** Raw data **
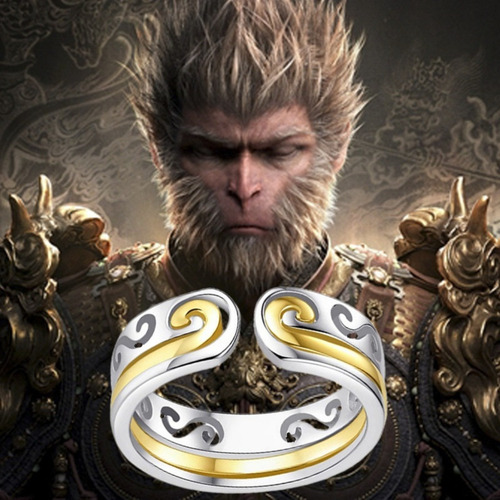 Black Myth Wukong Ring Desmontable Open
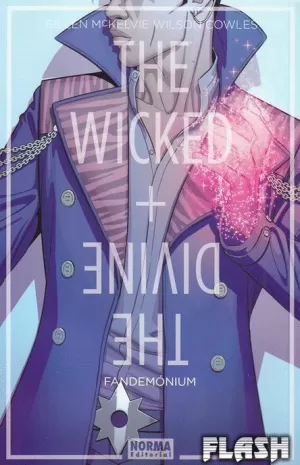 THE WICKED + THE DIVINE 02 : FANDEMÓNIUM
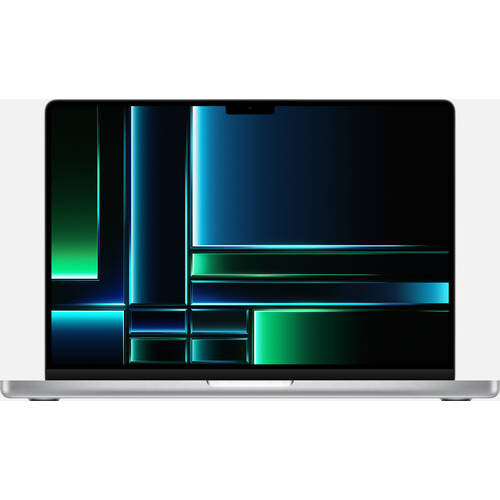 MacBook Pro 14　MPHH3J/A　[ 14.2型 / 3024×1964 / Apple M2 Pro / RAM:16GB / SSD:512GB / Mac OS / シルバー ]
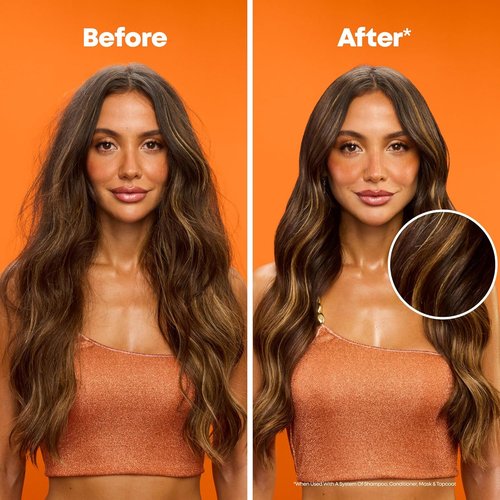Matrix Mega Sleek Anti-Frizz Shampoo - 96-Hour Frizz Control & Professional Hydration, 13.5 oz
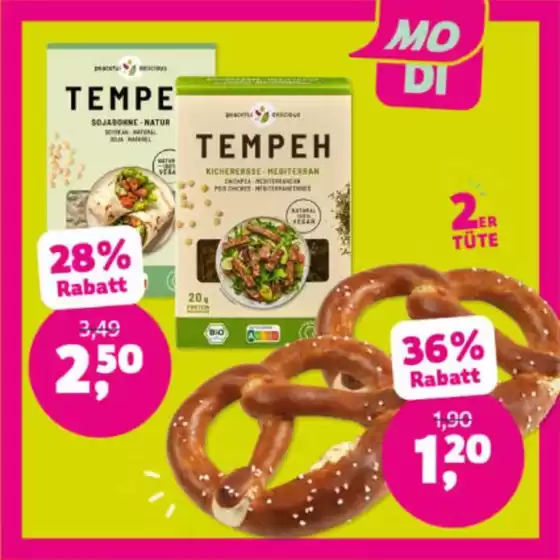 BioMarkt Katalog | MODI | 2026-05-15T00:00:00.000Z - 2026-05-19T00:00:00.000Z
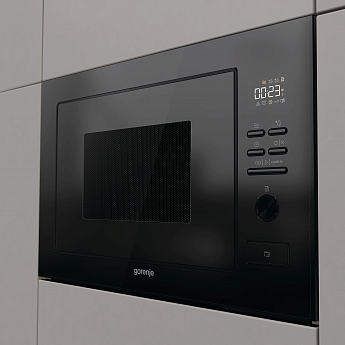 картинка Микроволновая печь встраиваемая Gorenje BM251M2BG 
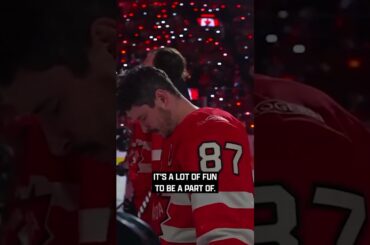 Sid the Kid is BACK for more GOLD! 🇨🇦🥇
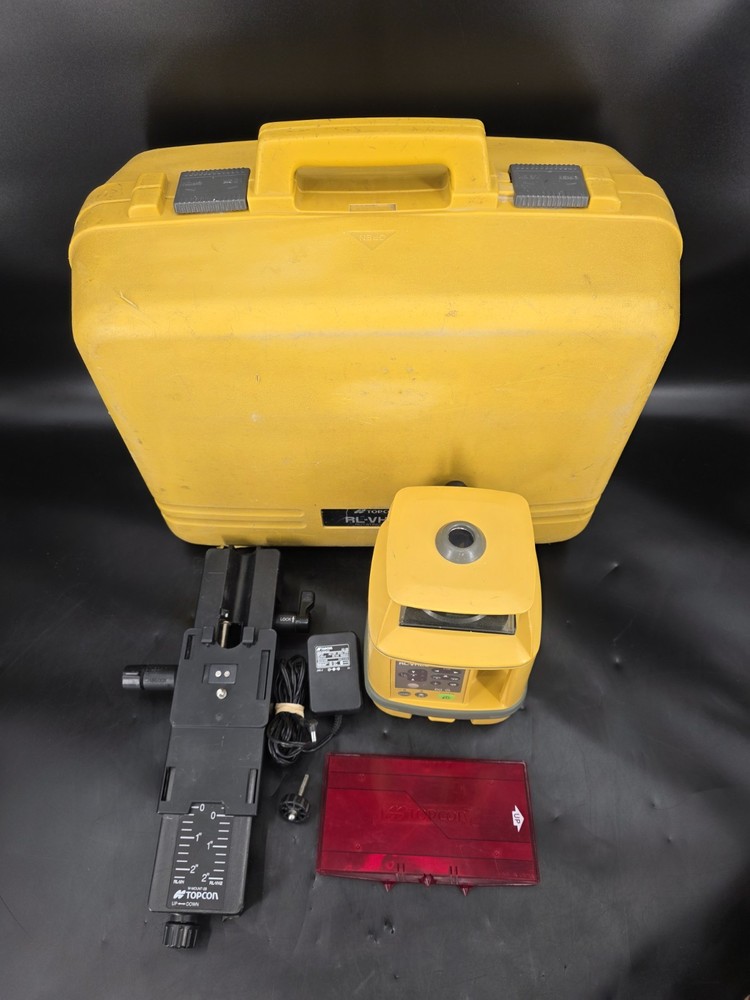 Topcon RL-VH2B Rotating Laser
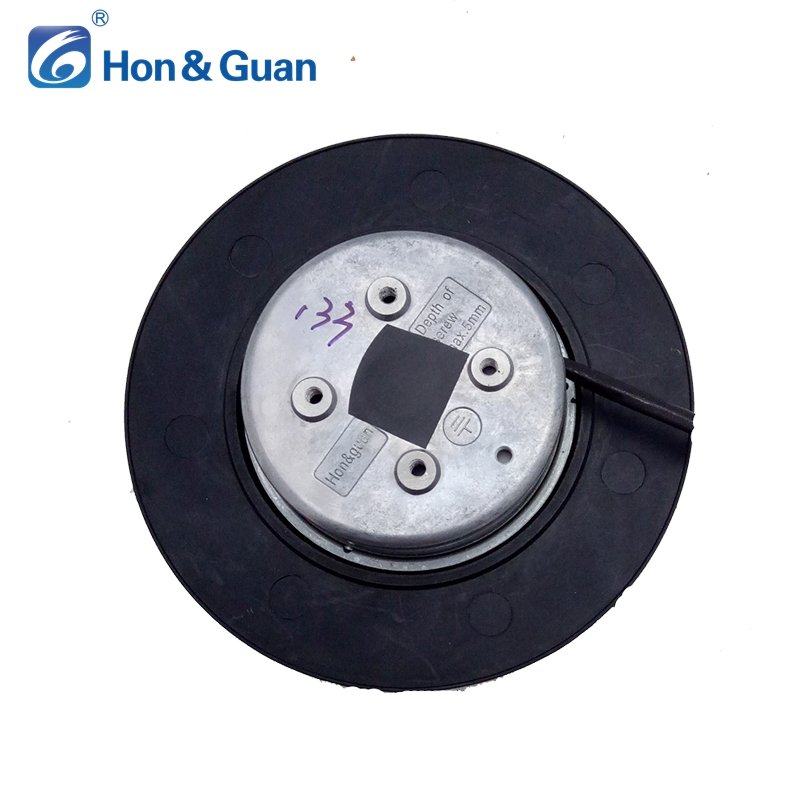 133mm Metal Centrifugal Fan Without Housing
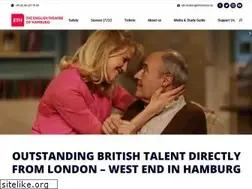 Sites similar to englishtheatre.de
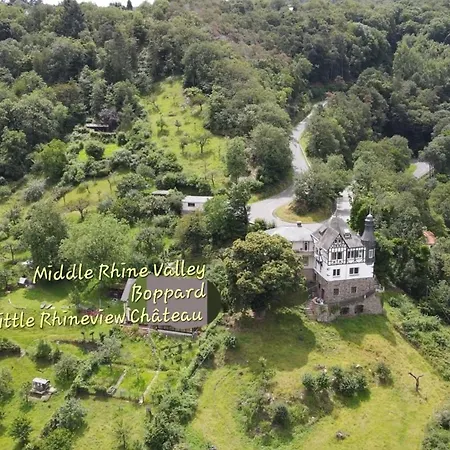 Little Rhineview Chateau - Harry Apartment Boppard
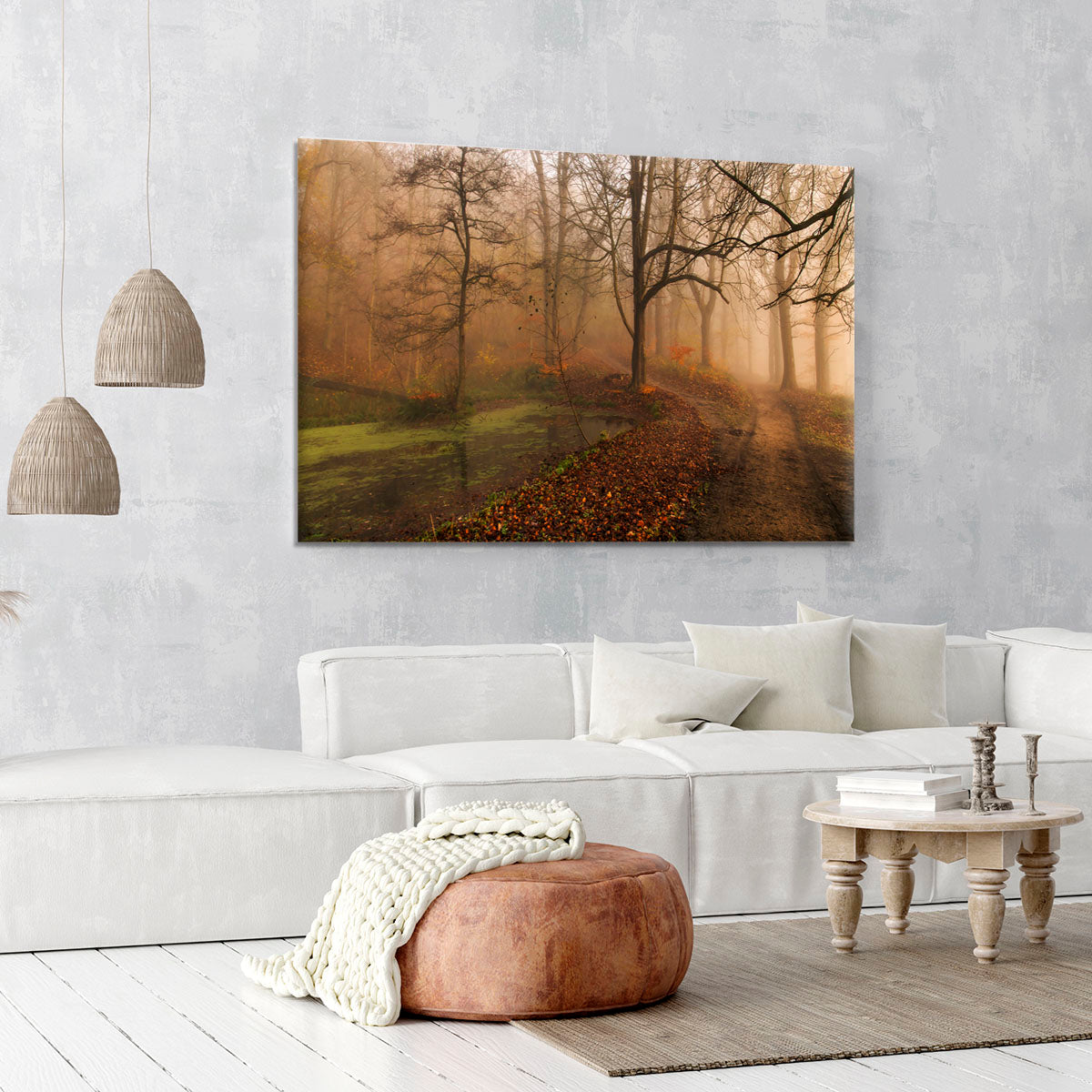 Which Path Ii Canvas Print or Poster - Canvas Art Rocks - 6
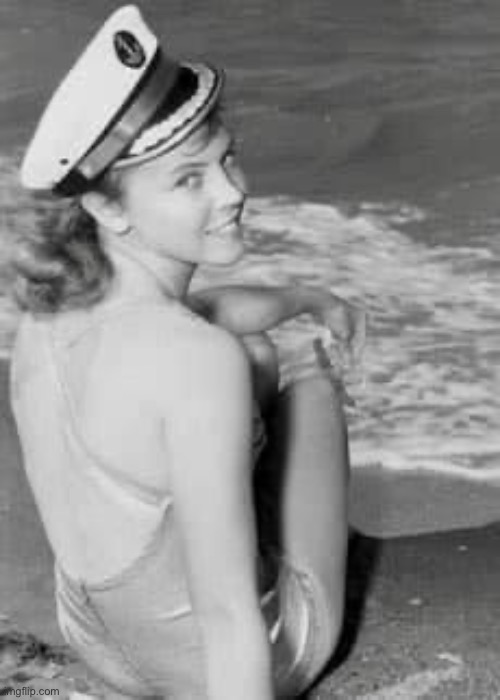 Kylie sailor | image tagged in kylie sailor | made w/ Imgflip meme maker
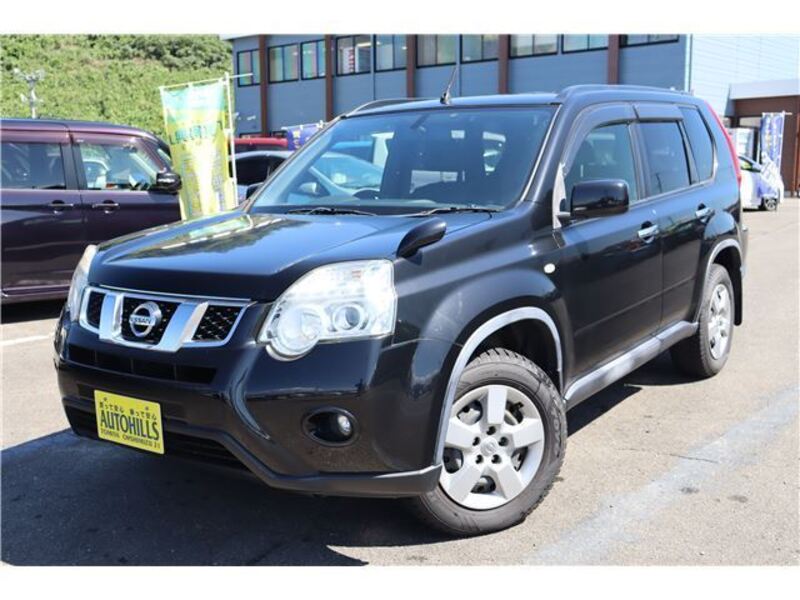 X-TRAIL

** What you will do **
Since the pictures are not wanted, transcribe only the rest of the material above, exactly as it stands.

** Task solution **
 Black Myth Wukong Ring Desmontable Open
 THE WICKED + THE DIVINE 02 : FANDEMÓNIUM
 MacBook Pro 14　MPHH3J/A　[ 14.2型 / 3024×1964 / Apple M2 Pro / RAM:16GB / SSD:512GB / Mac OS / シルバー ]
Matrix Mega Sleek Anti-Frizz Shampoo - 96-Hour Frizz Control & Professional Hydration, 13.5 oz
 BioMarkt Katalog | MODI | 2026-05-15T00:00:00.000Z - 2026-05-19T00:00:00.000Z
 картинка Микроволновая печь встраиваемая Gorenje BM251M2BG 
 Sid the Kid is BACK for more GOLD! 🇨🇦🥇
 Topcon RL-VH2B Rotating Laser
 133mm Metal Centrifugal Fan Without Housing
 Sites similar to englishtheatre.de
 Little Rhineview Chateau - Harry Apartment Boppard
 Which Path Ii Canvas Print or Poster - Canvas Art Rocks - 6
 Kylie sailor | image tagged in kylie sailor | made w/ Imgflip meme maker
 X-TRAIL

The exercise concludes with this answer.